Des publications ultérieures prouveront l’entière généralité de cet énoncé et préciseront son importance en philosophie naturelle.

V. Quand triompha définitivement l’association moderne ? Il serait difficile de le marquer. Deux fois dans Boèce les lettres A, B, C, D, E, F, G représentent une échelle ascendante de sons[1]. André, archevêque de Crète, au commencement du viiie siècle, dans son traité manuscrit de l’Hagiopolite, appelle grave le ton mixolydien et ajoute un huitième ton, l’hypomixolydien (ὑπομιξολύδιος), encore plus grave[2]. Au ixe siècle, Hucbald de Saint-Amand commence comme les Grecs par les notes les plus élevées, mais emploie une notation qui va du grave à l’aigu[3] : même direction dans son tableau des notes initiales dès quatre modes principaux avec exemples tirés du chant grégorien[4]. Oddon de Cluny emploie les sept premières lettres : pour les sons graves les majuscules, pour les sons aigus les minuscules, exprimant le la grave par la lettre A[5]. On peut affirmer que l’association de l’aigu et du haut, du grave et du bas s’est développée avec le christianisme, comme l’association contraire s’était développée dans les temps antérieurs avec les inévitables hésitations de l’intuition et de l’hérédité.

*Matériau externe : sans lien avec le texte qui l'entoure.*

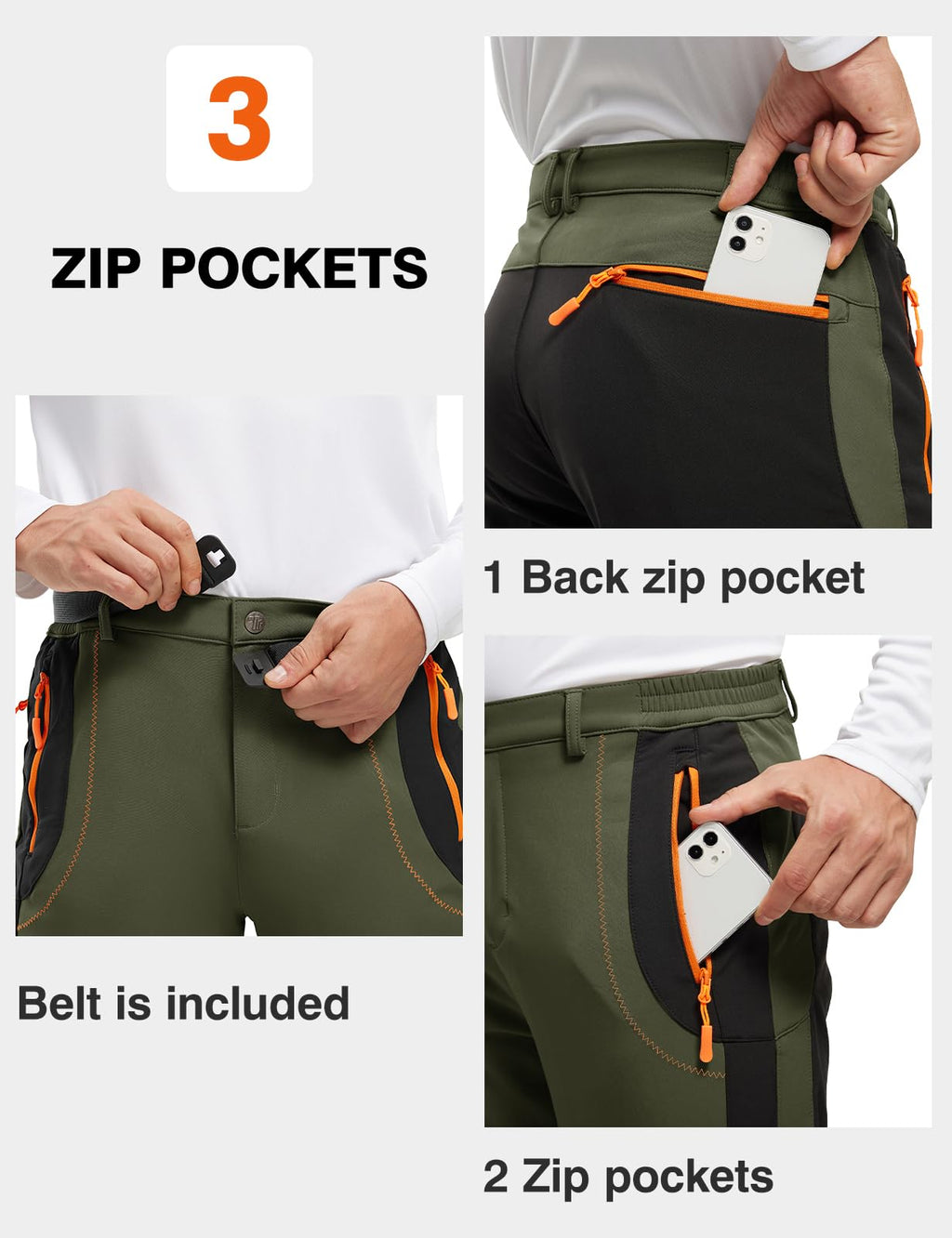 TBMPOY Men's Snow Ski Hiking Pants Waterproof Winter Fleece Lined Pants Camping Skiing Ice Fishing Pants with Belt 02 Thick Green XL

VI. Est-il nécessaire de dire que cette loi d’évolution éclaire vivement les différentes phases et caractéristiques du développement de la musique ? Plusieurs critiques de haute valeur, Westphal entre autres, ont insisté sur le caractère objectif de l’esprit grec ; mais leur point de vue exclusivement philosophique les a empêchés de prouver et d’appliquer cette caractéristique. Intelligences éminemment objectives, les Grecs ne purent point attribuer à la musique ces changements de direction de la force disponible qui sont la base du système musical moderne et que l’esthétique scientifique analyse et catalogue[6] : ils y virent des directions concrètes, relatives et limitées et ne purent, la considérer que comme un assaisonnement d’un autre art essentiellement concret, de la poésie

  1. De Institutione musica, livre IV, 14 et 17.
  2. Ms. grec 360 de la Bibliothèque nationale. Ducange, Glossarium mediæ et infimæ græcitatis, au mot : ἁγιοπολιτης.
  3. Lambillotte, Esthétique théorique et pratique du chant grégorien, p. 111.
  4. id., p. 113-114.
  5. id., p. 125.
  6. Voy. l’exposé populaire de l’introduction à mes Principes d’esthétique mathématique et expérimentale (Revue contemporaine, 25 août 1885).